果糖の摂取量が増えると肥満につながるといわれていますが、これまで、果糖そのものが体重や体脂肪を増加させるのか、その因果関係ははっきりとはわかっていませんでした。果糖の摂取量が増えれば、必然的に総摂取カロリーも増えるので、肥満は果糖のせいではなく、摂取カロリーが増加したことが原因とも考えられるからです。ここでは、マウスを使って果糖の摂取自体が肥満の原因になるかを検証した、アメリカの研究を紹介します。

余分な果糖は体内で中性脂肪に変わる

果糖は、その名称から果物の糖質だと思われがちですが、必ずしもそうとは言い切れません。果物にはもちろん果糖も含まれていますが、ブドウ糖などの他の糖質も含まれているからです。食べ物として体内に入った果糖は、小腸で吸収され、血液の流れを介してほとんどが肝臓に運ばれ、エネルギー源となります。余分な果糖は肝臓で中性脂肪に変換され蓄積されるので、果糖の摂り過ぎは脂質異常症の原因となります。

近年、アメリカをはじめ、肥満が深刻化する国々で問題となっているのが、コーンシロップを原料につくられた果糖を含む「果糖ブドウ糖液糖」という甘味料の大量摂取です。果糖は砂糖より甘味が強く、口に残りにくいという特徴があり、その甘味は低温でより強くなるので、清涼飲料水などによく使われています。アメリカでは、果糖の摂取量が特に多い思春期の男性では、総摂取カロリーの15~23%が果糖由来であるといわれています。

果糖はブドウ糖よりも体重を増加させる

アメリカ・イリノイ大学の研究チームは、果糖そのものが肥満の原因になるのかを突き止めるため、糖質だけが異なる2種類のエサを用意し、マウスを使った検証実験を行いました。片方のグループには、カロリーの18%が果糖由来のエサを、もう片方のグループには、カロリーの18%がブドウ糖由来のエサを与え、総摂取カロリーは両グループで同じになるように調整しました。

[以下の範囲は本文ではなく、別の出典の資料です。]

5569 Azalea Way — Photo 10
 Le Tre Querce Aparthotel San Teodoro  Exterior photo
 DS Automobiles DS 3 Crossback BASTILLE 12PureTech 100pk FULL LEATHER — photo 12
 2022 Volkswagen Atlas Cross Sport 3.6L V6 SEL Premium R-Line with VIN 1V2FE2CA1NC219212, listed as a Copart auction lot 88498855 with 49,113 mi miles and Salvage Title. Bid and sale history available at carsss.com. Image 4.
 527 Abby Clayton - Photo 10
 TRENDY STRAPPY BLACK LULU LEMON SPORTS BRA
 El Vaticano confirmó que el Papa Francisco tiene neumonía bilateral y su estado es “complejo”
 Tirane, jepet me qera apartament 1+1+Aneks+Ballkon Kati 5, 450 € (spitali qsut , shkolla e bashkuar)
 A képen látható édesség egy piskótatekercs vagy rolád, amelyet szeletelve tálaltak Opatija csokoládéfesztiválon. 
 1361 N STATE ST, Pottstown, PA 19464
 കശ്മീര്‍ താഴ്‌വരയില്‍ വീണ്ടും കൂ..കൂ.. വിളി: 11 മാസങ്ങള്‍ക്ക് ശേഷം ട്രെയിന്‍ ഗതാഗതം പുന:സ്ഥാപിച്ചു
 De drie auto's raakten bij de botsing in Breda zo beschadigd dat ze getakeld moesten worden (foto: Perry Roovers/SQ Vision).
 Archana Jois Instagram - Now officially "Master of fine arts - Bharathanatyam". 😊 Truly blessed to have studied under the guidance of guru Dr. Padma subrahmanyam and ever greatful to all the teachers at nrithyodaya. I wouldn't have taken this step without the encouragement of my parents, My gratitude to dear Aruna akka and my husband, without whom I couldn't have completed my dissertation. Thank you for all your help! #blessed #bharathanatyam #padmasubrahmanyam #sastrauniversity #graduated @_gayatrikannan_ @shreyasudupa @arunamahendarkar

なお、この「18%」という数値は、思春期のアメリカ人の果糖摂取状態を模倣するために設定されたものです。

11週間という長期にわたり、それぞれのグループのマウスに同じエサを与え続けたところ、果糖を含むエサを食べたグループでは、ブドウ糖を含むエサを食べたグループと比べて体重や体脂肪が増加するという結果が得られました。

果糖の大量摂取は避けたほうがよい

この研究ではマウスの身体活動量も調べられており、果糖を含むエサを食べたグループでは、体重が増えただけでなく、身体活動量も低下していました。この結果について研究者は、「果糖を含むエサが身体活動量の低下につながるメカニズムはわかりませんが、体重が増えたことが身体活動量低下の主な要因だと考えられます」と述べています。

今回紹介したのはマウスでの研究結果ですが、果糖を大量に摂取するという食事パターンは肥満を招き、健康を害すおそれがあることから、避けたほうがよいと考えられます。